Not sure what other people would think, but in my mind, creep feeding *IS* pushing the feed.


----------



## toth boer goats (Jul 20, 2008)

SunnyDaleBoers explained it perfectly. 

Creep feeding is to help with normal growth, not to make them overly fat way to fast and unhealthy as well.


----------



## SunnydaleBoers (Jul 28, 2012)

Tenacross said:


> Not sure what other people would think, but in my mind, creep feeding *IS* pushing the feed.


I think the main difference is the amount of time you're trying to get results in. Creep feeding is more to make sure they've got the groceries to hit their full growth potential during a normal growth period (and more and more studies are showing it really helps w/ rumen development, etc). Pushing generally results in animals that have hit their full growth in a much shorter amount of time. Overall I'm not a fan of pushing- I think it puts a lot of unnecessary stress on the animal which tends to greatly reduce productive life. However, I can see the benefit for feed lots and meat animals, and to a limited extent with dairies etc, but it's a pretty fine line to keep your feed costs from eating up your profits.

I guess I should clarify too-I know most show people will feed extra feeds/supplements to promote good hair coats, etc. Definitely not necessary for your brood doe or pasture ornament, but I wouldn't consider that to be "pushing" either.


----------



## Tenacross (May 26, 2011)

Then I guess it depends on who is saying "pushing your show goat on feed". If a judge or a mentor is telling you you should do that, then they mean the goat may do better if it is getting more to eat.

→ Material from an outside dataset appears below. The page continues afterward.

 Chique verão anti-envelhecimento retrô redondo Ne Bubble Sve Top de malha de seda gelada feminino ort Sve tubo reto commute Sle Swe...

Anyone who has tried to "push the feed" knows a goat, that is already getting plenty to eat, will only eat so much.

Someone who is conscientious about keeping there goats at a healthier, lighter weight, might use "pushing feed" as sort of naughty word not to do to your goats.


----------



## nancy d (Oct 5, 2007)

We creep kids three times a day simply because the does will hog it & kids wont get their fair share.


----------



## SunnydaleBoers (Jul 28, 2012)

nancy d said:


> We creep kids three times a day simply because the does will hog it & kids wont get their fair share.


Yes, we finally broke down and bought a creep feeder a couple of years ago, but have had to keep modifying that even. It's rapidly turned into the Fort Knox of creep feeders, but the more determined yearlings still figure out how to squeeze themselves in every now and then...


----------



## nancy d (Oct 5, 2007)

Tell me about it! The yrlngs can fit through an 18X24" gate. :GAAH:
Now they get clipped to fence during creep time.


----------



## Tenacross (May 26, 2011)

SunnydaleBoers said:


> Yes, we finally broke down and bought a creep feeder a couple of years ago, but have had to keep modifying that even. It's rapidly turned into the Fort Knox of creep feeders,...


This cracked me up as I have been there and done that.


----------